Neighbors

So I’m gonna go interview in So Cal on Tuesday, and I’m flying out tomorrow afternoon. So Cal means there’s at least a theoretical chance we could live near the coast, thus meeting the all-important cool weather criterion. We could, for example, live in Malibu:

Robert Redford, Mel Gibson, Barbra Streisand, Richard Gere, Sally Field and Whoopi Goldberg (to name just a few) all own homes along the exclusive Malibu shore.

and that means I could be obnoxious to some really, really famous people.

Hey Sally — lookin’ pretty hot for your age! Who’s your surgeon? Whoopi, I’ll never forgive you for Star Trek TNG. No. Seriously. Cannot forgive. Cannot. Mel! Kiss my hairy Jewish ass! And Richard? Stay away from my ferrets!

But sadly, even with a tanked real estate market, there’s no way we could afford Malibu. Even Santa Monica . . . best we could do MAYBE is an overpriced apartment (they call ’em condos but they’re located in apartment buildings, so you tell me). But Malibu? Best we could do would be an old water tank on a rubbish tip.

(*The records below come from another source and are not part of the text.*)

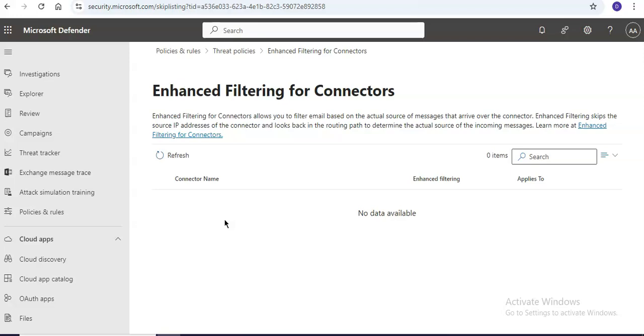To avoid these scenarios or to overcome these scenarios of Exchange Online Protection and Microsoft Defender for Office 365, we use enhanced filtering for connectors, also known as skip listing.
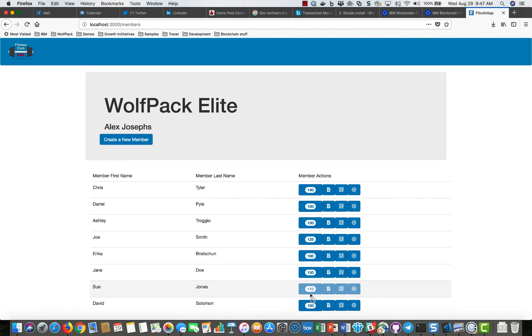So that's a quick demo of what the fitcoin app can show and it just shows the interaction with a web application through REST services into the blockchain.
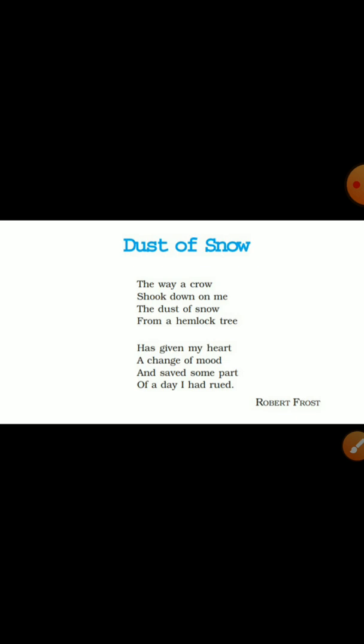When someone dear to us passes away, on an auspicious day we offer food to the crow as part of our ritual, because the crow holds that symbolic significance in our culture.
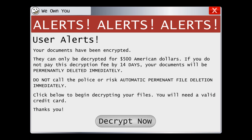And if you do pay the ransom, some cybercriminals will use your payment information to steal your identity or to draw you deeper into an even more expensive scam. If you fall victim to ransomware, you are much better off restoring your system from backup files than paying the ransom. If you diligently back up your system, then ransomware should be a nuisance, but it shouldn't be a catastrophic loss.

Which sounds cool, actually. They put those tanks atop hills, after all. We could have a tank with a view.

D.

8 Comments

  1. Dean says:

    They don’t put rubbish tips on hills, though, at least not hills with ocean breezes.

    Living in Malibu would be somewhat like driving a Mercedes: nice, possibly, but something I’d never do because of the associations.

  2. shaina says:

    YAY i’m so happy that there might actually be a chance that i could meet you!!!

  3. Stamper in CA says:

    How about becoming an ENT to the stars? With that nose, surely Barbara Streisand is plagued with all sorts of sinus issues.

  4. KGK says:

    Good luck with the interview!

  5. Walnut says:

    Dean, why do they call them tips?

    Shaina, so live blogging ain’t like meeting for realsies?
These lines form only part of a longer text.